**What is needed:** Set down every line from the one containing "Gold and Bitcoin: Trading Down for the Same Reasons Gold" through the last line of the records below, exactly as written, and leave out the pictures.

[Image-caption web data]
+--

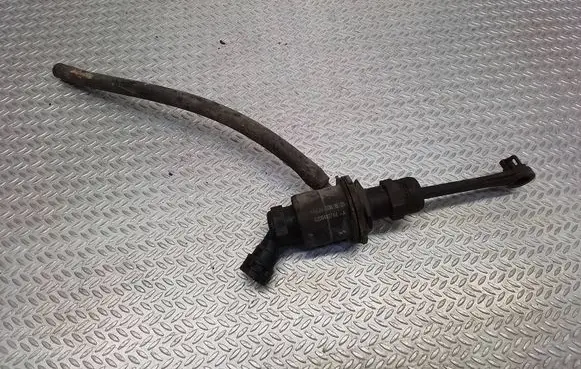 Renault Kangoo II Clutch master cylinder 8200492744A 8200492744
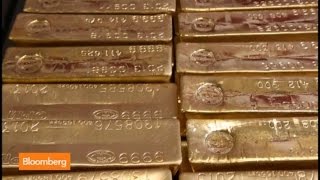 Gold and Bitcoin: Trading Down for the Same Reasons Gold and Bitcoin: Trading Down for the Same Reasons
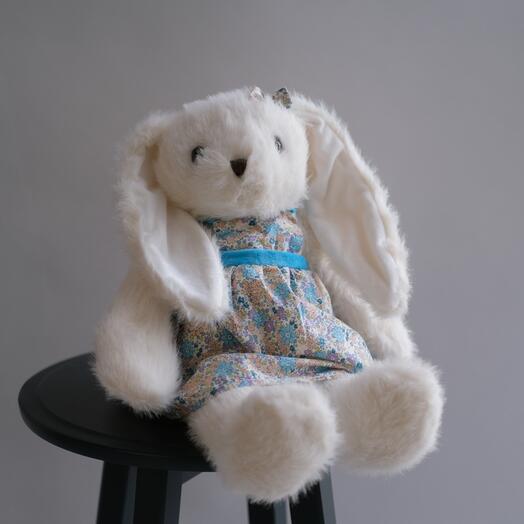 Игрушка мягконабивная "Зайка в сарафане" 28 см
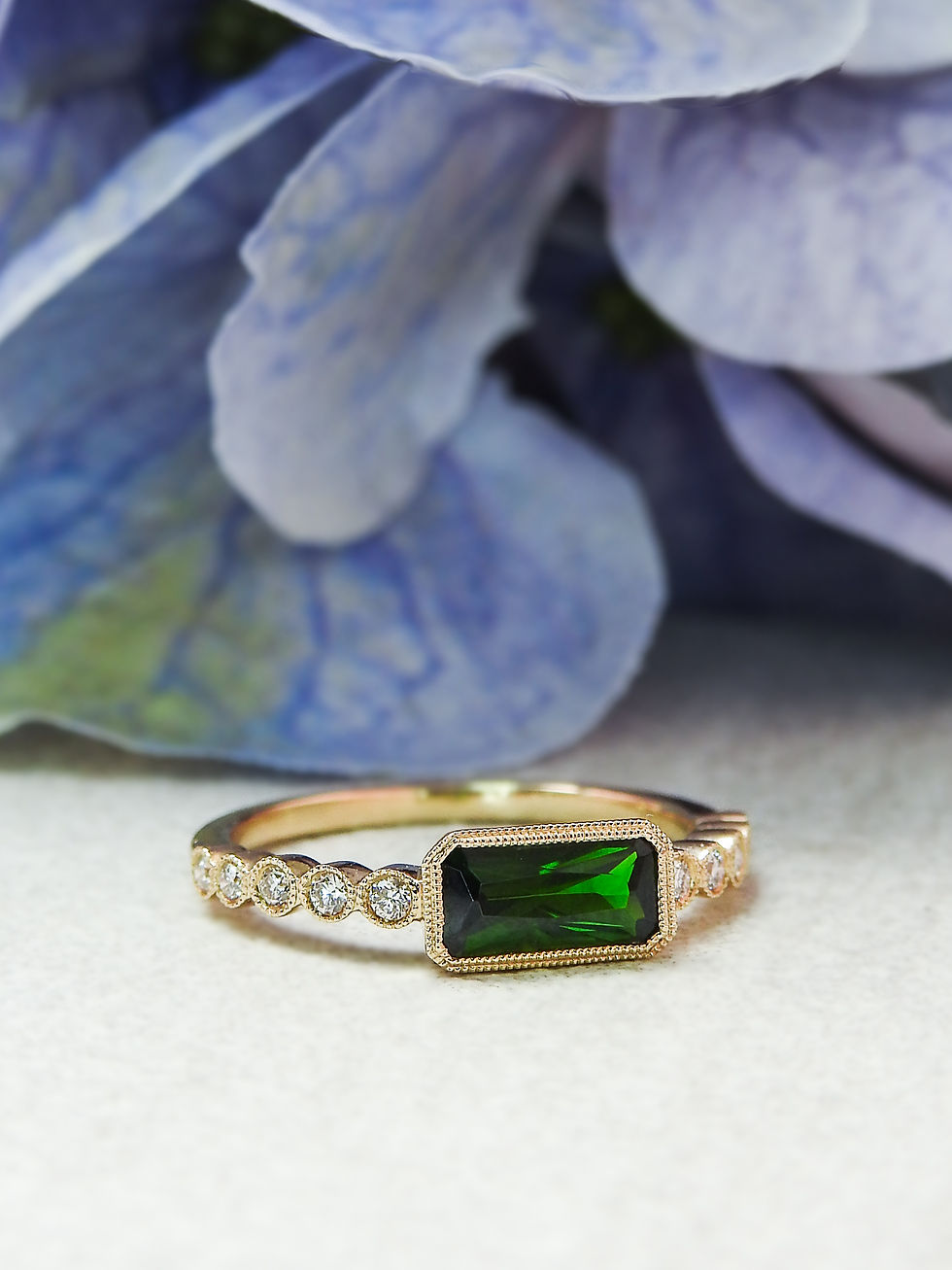 縮圖：Diopside and Diamond Ring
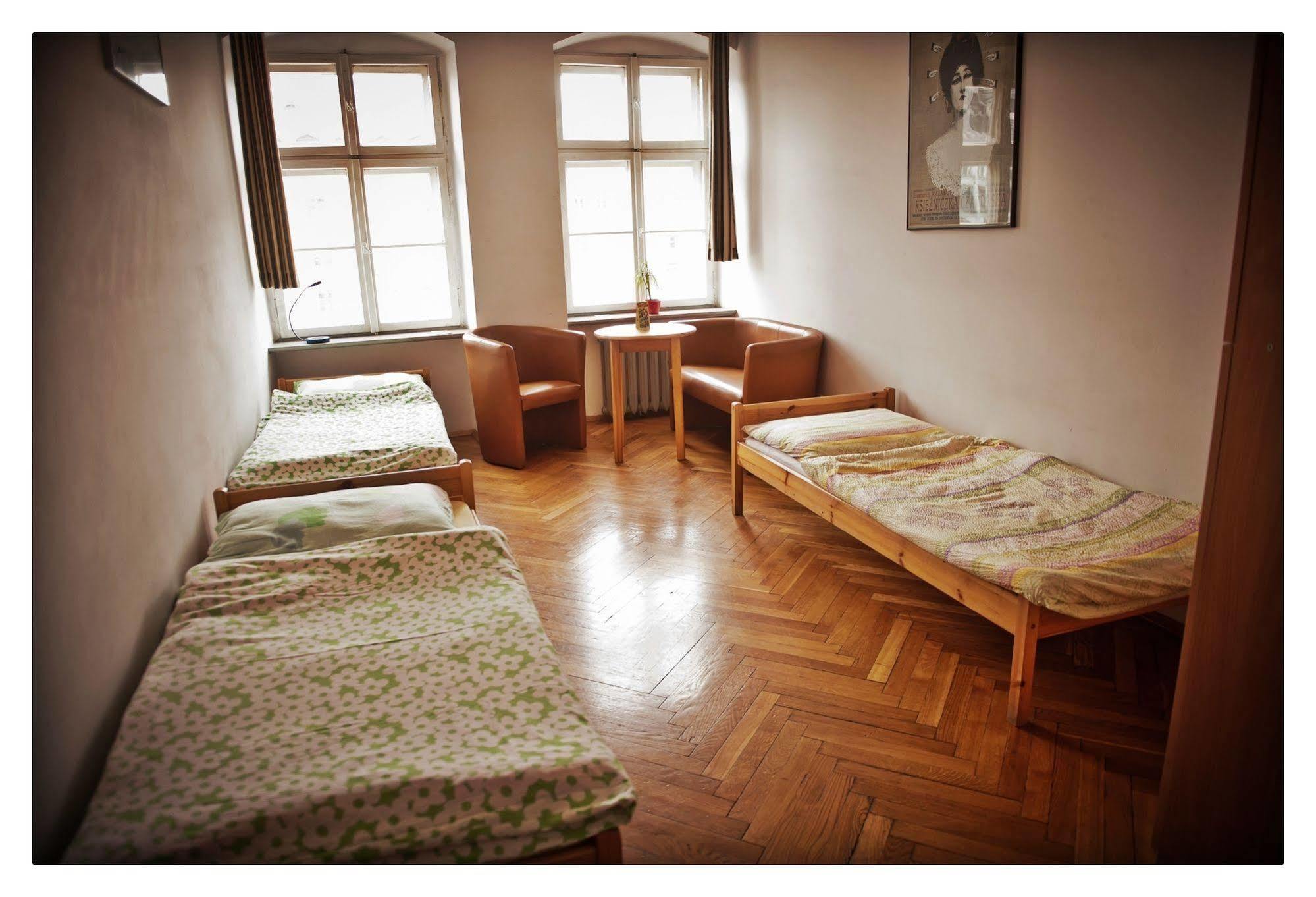 Hostel Bemma - Ozonowane Pokoje Вроцлав Экстерьер фото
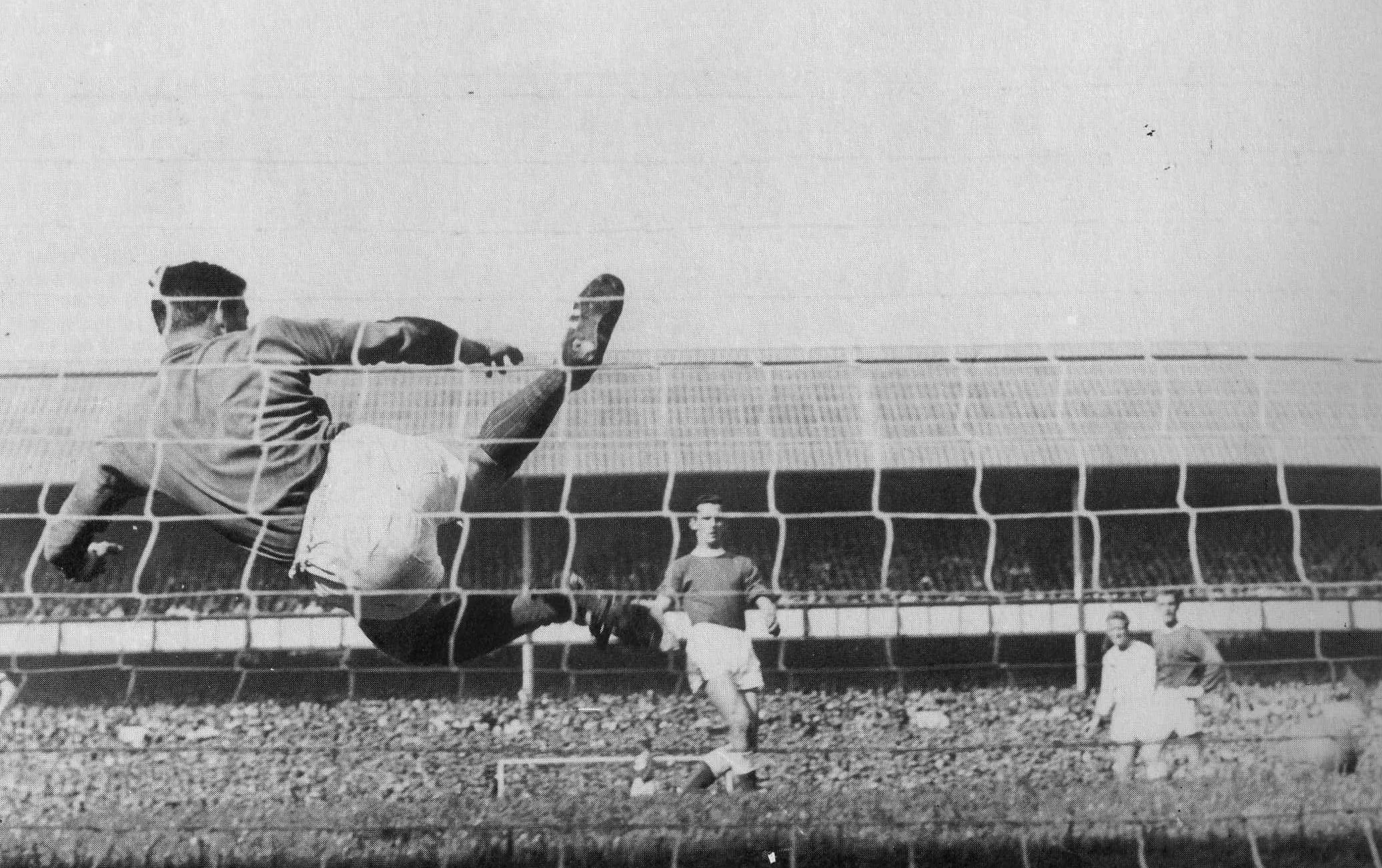 914 17.08.63  Vernon pen v Man Utd CHARITY SHIELD - SECOND IN SEQUENCE - Roy Vernon sends Gas...webp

+--

**Task response:**
 Gold and Bitcoin: Trading Down for the Same Reasons Gold and Bitcoin: Trading Down for the Same Reasons
 Игрушка мягконабивная "Зайка в сарафане" 28 см
 縮圖：Diopside and Diamond Ring
 Hostel Bemma - Ozonowane Pokoje Вроцлав Экстерьер фото
 914 17.08.63  Vernon pen v Man Utd CHARITY SHIELD - SECOND IN SEQUENCE - Roy Vernon sends Gas...webp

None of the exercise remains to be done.